## Problem requirements
Start at the first line below and write out everything verbatim except the pictures.

## Materials provided
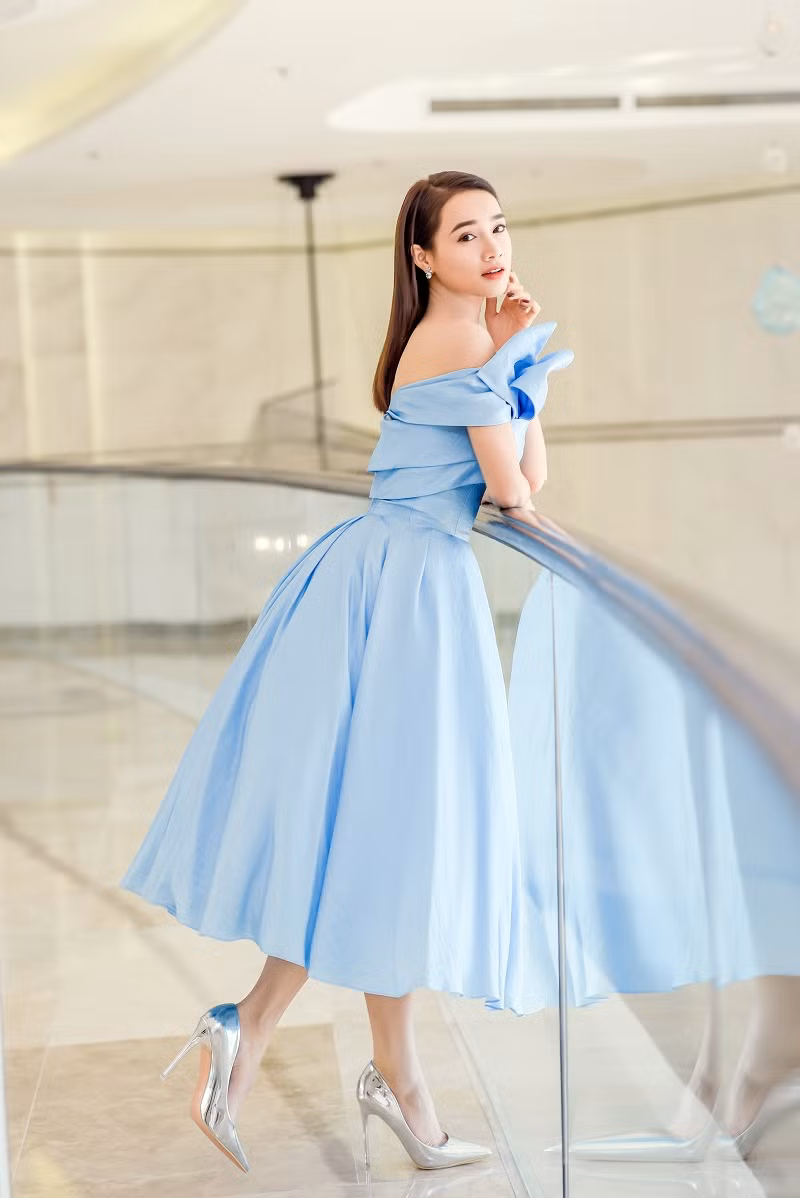 Sau thời gian vướng tin đồn sinh con, cô liên tục xuất hiện tại các sự kiện với những bộ trang phục gợi cảm, khoe trọn vẻ đẹp “mòn con mắt”.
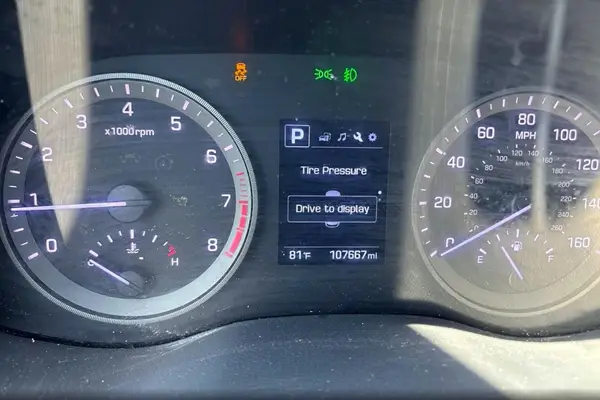 KM8J3CA29JU691113 2018 HYUNDAI TUCSON - Image 8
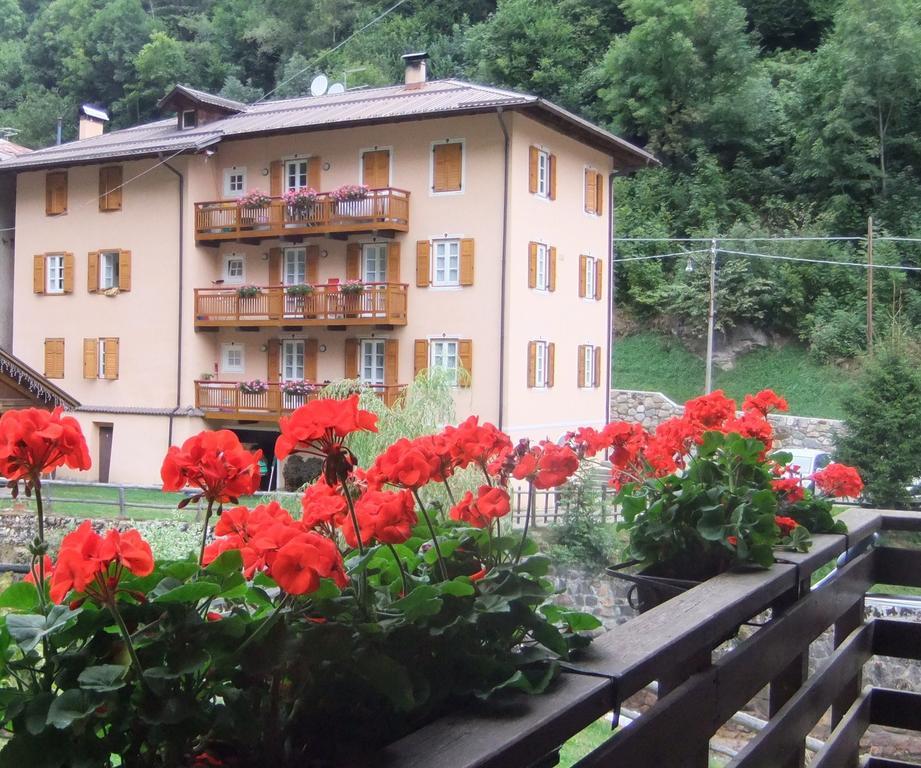 Appartamenti Rabbi Fonti Bagni di Rabbi Buitenkant foto
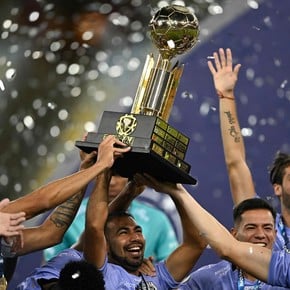 Independiente del Valle recibió felicitaciones por su título y aniversario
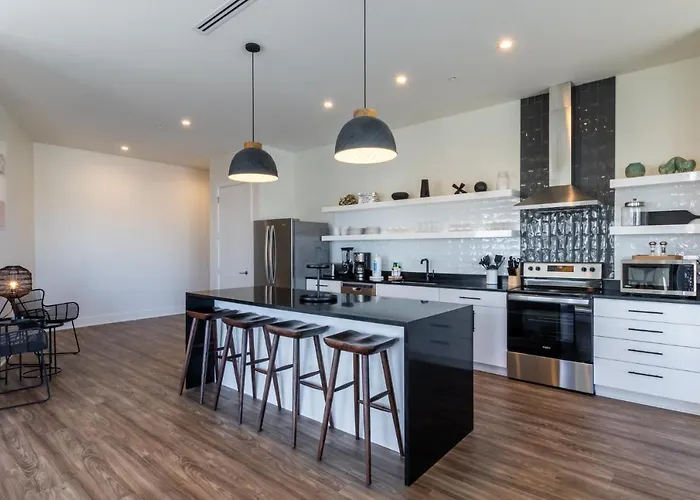 Spacious, 5 Bedroom On The With Rooftop Pool Next To The Hangout! Gulf Shores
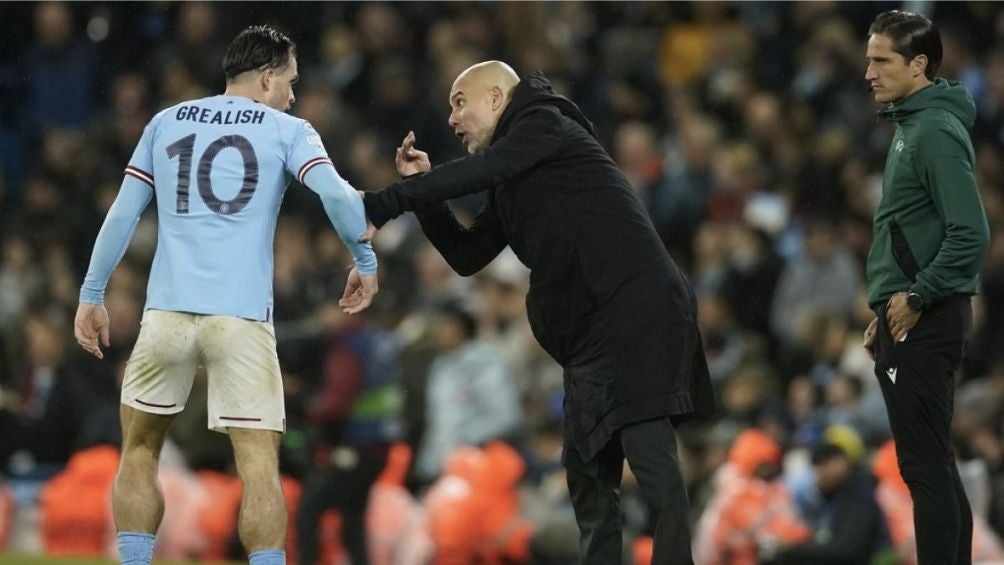 Pep junto a Jack Grealish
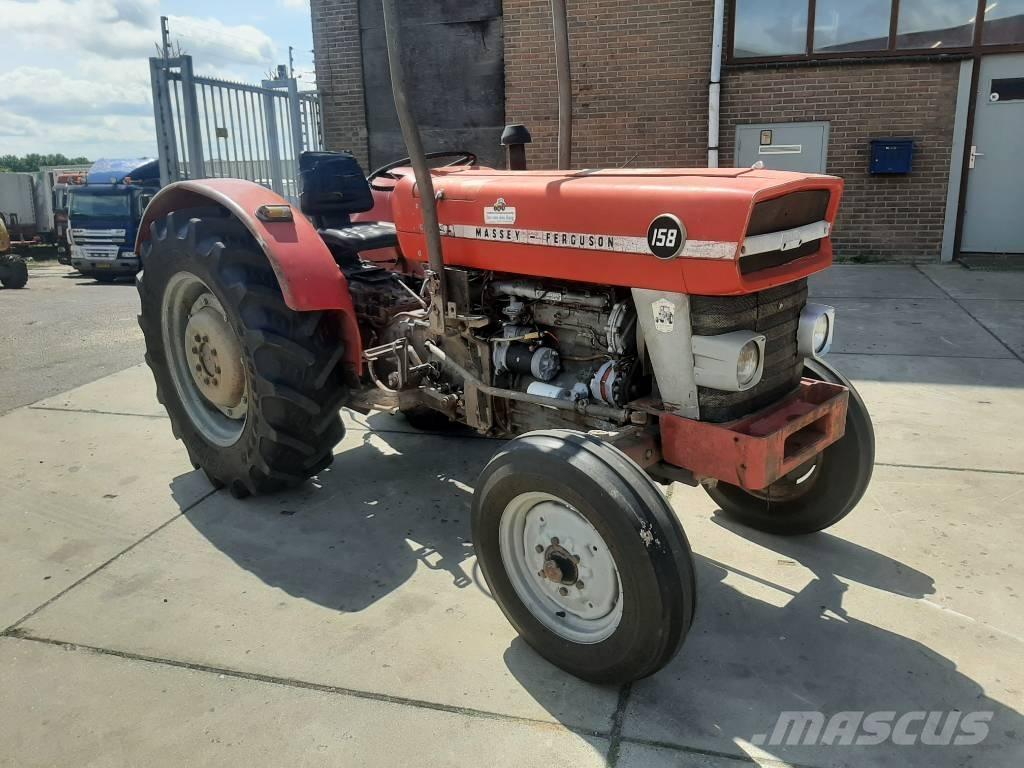Massey Ferguson 158 Tracteur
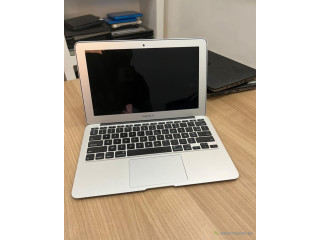 MacBook Air 2014, intel core i5.
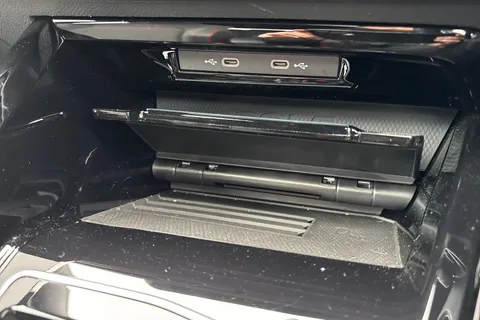 CY25GMG Volkswagen Golf 2.0 TSI 300 GTI Clubsport 5dr DSG⭐Black Pack, DCC, Sunroof, 'Akrapovic' exh Thumbnail #40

## Reply to the task
 Sau thời gian vướng tin đồn sinh con, cô liên tục xuất hiện tại các sự kiện với những bộ trang phục gợi cảm, khoe trọn vẻ đẹp “mòn con mắt”.
 KM8J3CA29JU691113 2018 HYUNDAI TUCSON - Image 8
 Appartamenti Rabbi Fonti Bagni di Rabbi Buitenkant foto
 Independiente del Valle recibió felicitaciones por su título y aniversario
 Spacious, 5 Bedroom On The With Rooftop Pool Next To The Hangout! Gulf Shores
 Pep junto a Jack Grealish
Massey Ferguson 158 Tracteur
 MacBook Air 2014, intel core i5.
 CY25GMG Volkswagen Golf 2.0 TSI 300 GTI Clubsport 5dr DSG⭐Black Pack, DCC, Sunroof, 'Akrapovic' exh Thumbnail #40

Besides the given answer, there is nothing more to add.